Like any good Wat, the stairs number in the hundreds. My brothers leap eagerly up them, leaving me hobbling behind in the dust. On a normal day, I would be at the head of the pack, reveling in the joy of having longer legs than they do! But I have done that too many times already, a fact which has made itself evident in the multitude of painful blisters assailing my feet. I can barely walk; each step is pure agony. Dad takes pity on me, and we decide to take the cable car like the good wimps we are. My brothers mockingly take the stairs, and reach the top laughingly telling stories of monkeys and fat centipedes seen on the way. Over two kilometers of stairs fail to make the least impression on them.
The main temple in the Perfume Pagoda complex is located in a deep cave at the top of the mountain.
Placid Buddhas rest on mossy rocks as water drips slowly from the ceiling. Bats chirp and squeak, fluttering from wall to wall. Incense burns constantly, the smoke convening in a haze that burns the eyes and mouth. We venture deeper, to where candles are the only source of light. The beauty of the cave is astounding, and well worth the climb up and then back down the mountain. Too soon, we have to climb back up the few flights of stairs to the cable car.
My feet ache horribly. Mom makes me sit down and take my shoes off. As it turns out, my feet have turned white and smell awful from the constant wet. I have 29 blisters total, on both feet. My parents are horrified, and Mom allows me to go barefoot the rest of the day. Dad warns me of the dangers of jungle-rot. Luckily, a few days of exposure to the air heal them quickly.
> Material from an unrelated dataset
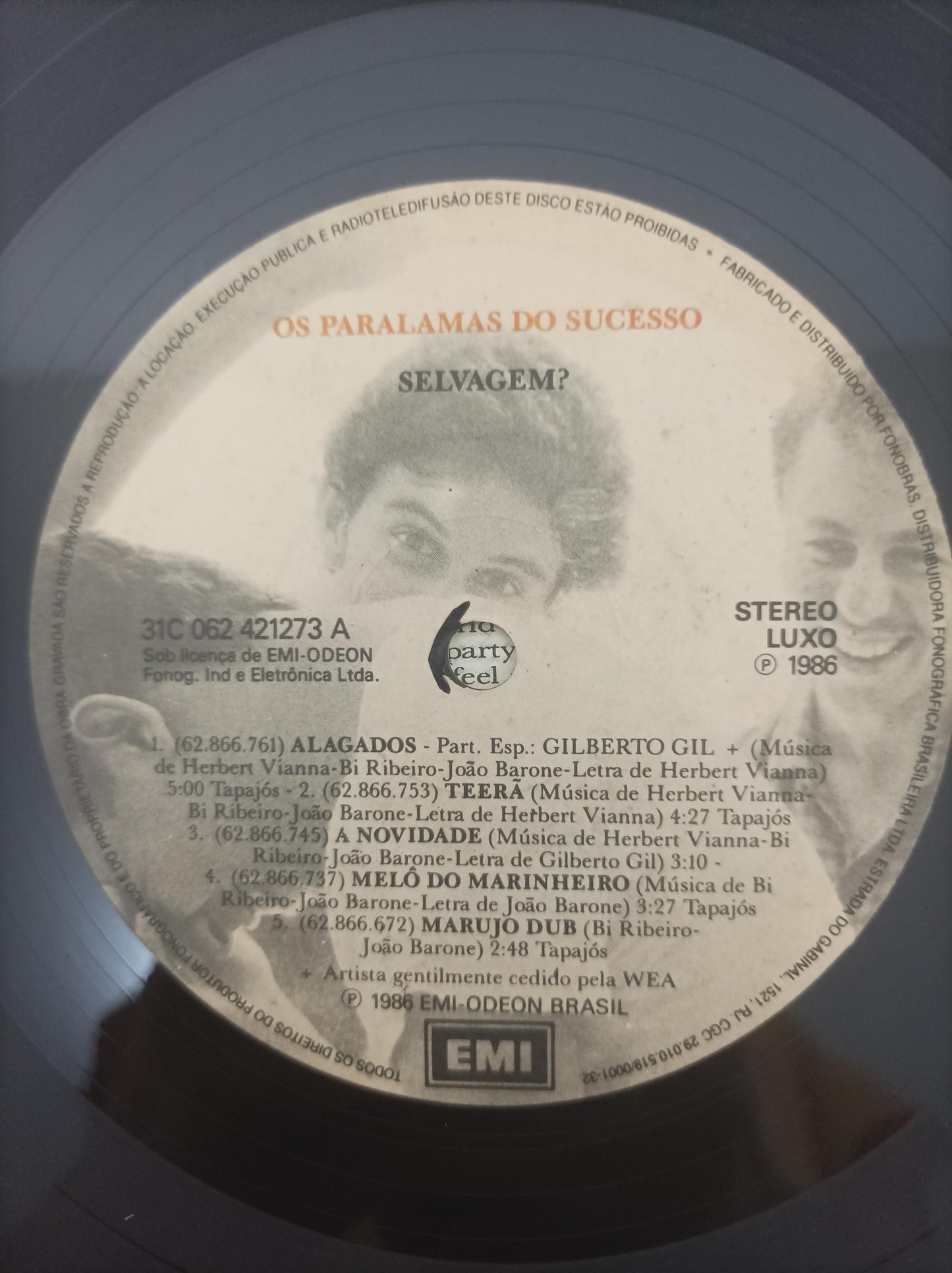 Disco Lp Vinil Selvagem? Com Encarte Os Paralamas do Sucesso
Soon we are loaded into the boat and on our way back down the river. From there, we take a bus down one of the many muddy, potholed roads in Vietnam, and by dinner we are back in Hanoi.
Despite the long hours of transit, the long hike, and the blistered feet, we thoroughly enjoyed ourselves. The Perfume Pagoda is well worth the effort it takes to get there, and I recommend it to anyone traveling through the area!